この本を読んで、生まれて初めて、「この本に書かれていることを、一人でも多くの人に読んで、知ってほしい」という気持ちになった。
今の日本で、牛や豚や鶏の肉を食べない人はほとんどいない。まったく何の肉も口にしない日というのは一日だってないだろうと思う。しかし、スーパーでパックに入れられて肉が売られる前に、いったいどうやって「肉が作られているのか」ということは、あまりよくわかっていない。
肉を作るには生き物を殺す過程が必要で、それを日々おこなう屠場は芝浦をはじめとして、全国にいくつもあるけれど、その存在は奇妙なぐらい社会から「無いものとして」扱われている感じがする。

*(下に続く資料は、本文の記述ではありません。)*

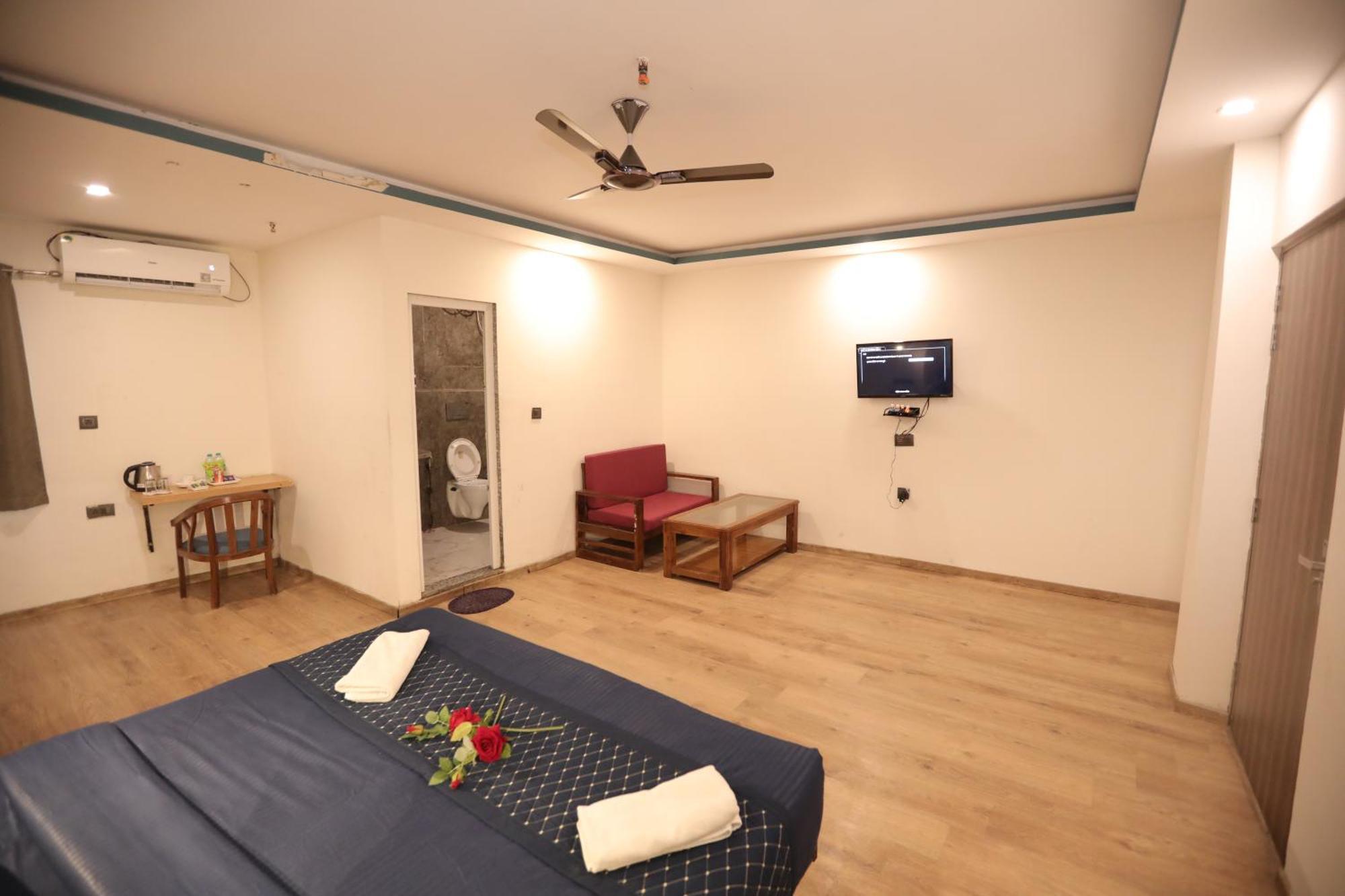 Hotel Noida Grand Sec 58 Экстерьер фото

こういうことは、マスコミは決して積極的に報道しようとしない。それは部落問題や差別と密接に関わるために、暗黙のタブーの領域となっているからだ。
学校でもテレビでもそれをちゃんと伝えてはいないから、知らないのもムリはないとはいえ、その根本的な部分を知らずに疑問も持たずにいるまま暮らしているというのは、思考や想像力が止まってしまっている状態なのだと思う。
知らなくてもいいことは世の中にたくさんあるけれど、自分たちの命が他の生き物の命なしには成りたたないということは、何よりも先に知っていなくてはならないことだと思う。
その「知らなくてはならないこと」について、こんなにもわかりやすく書いている本は他に見たことがない。1ページ1ページが、衝撃と感動の連続だった。